Tedavinin bilişsel yaklaşımında dört süreç vardır: Otomatik düşünceleri meydana çıkarmak, otomatik düşünceleri sınamak, uygunsuz olan afonksiyonel şemaları belirlemek ve uygunsuz afonksiyonel şemaların geçerliğini sınamak.

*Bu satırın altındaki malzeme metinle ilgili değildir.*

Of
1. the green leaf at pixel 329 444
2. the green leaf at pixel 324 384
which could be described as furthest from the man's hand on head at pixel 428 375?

1-Olumsuz Düşünceleri Belirleme
Olumsuz otomatik düşünceler yani bilişsel çarpıklıklar, dış olaylar ile bir kişinin olaya duygusal tepkisi arasında karışan bilişlerdir. Bir örnek olarak, "kötü top oynadığımı gördüklerinde insanlar bana gülecektir" inancı,
top oynamak için o kişiye sorulduğunda olumsuz yanıt vermesine neden olan bir otomatik düşüncedir. Diğer bir örnek de "o kadın beni beğenmiyor" şeklindeki düşünce olup koridorda geçerken bir kadının hastaya selam verilmeyişidir. Her psikopatolojik bozukluğun çarpık düşüncelerden oluşan kendi özel bilişsel profili vardır. Eğer bunlar bilinirse özel bilişsel girişimler için bir çatının oluşması sağlanır. Terapist, hastanın söylediği her cümleyi anladığını düşünmeyip cümlenin anlamını sorarak açıklık kazanmasını sağlamaktadır. Bu teknik eşlerin birbiri ile olan iletişimlerinin ve dinleme becerilerinin gelişiminde terapistin bir model olmasını sağlar. Hasta depresyon, endişe ve sinirle ilgili düşünceleri belirler. Örnek: Hasta ne düşündüğünde kendini daha kötü hissettiğini bulabilir. "Başaramayacağımı düşündüğümde endişe duyuyorum."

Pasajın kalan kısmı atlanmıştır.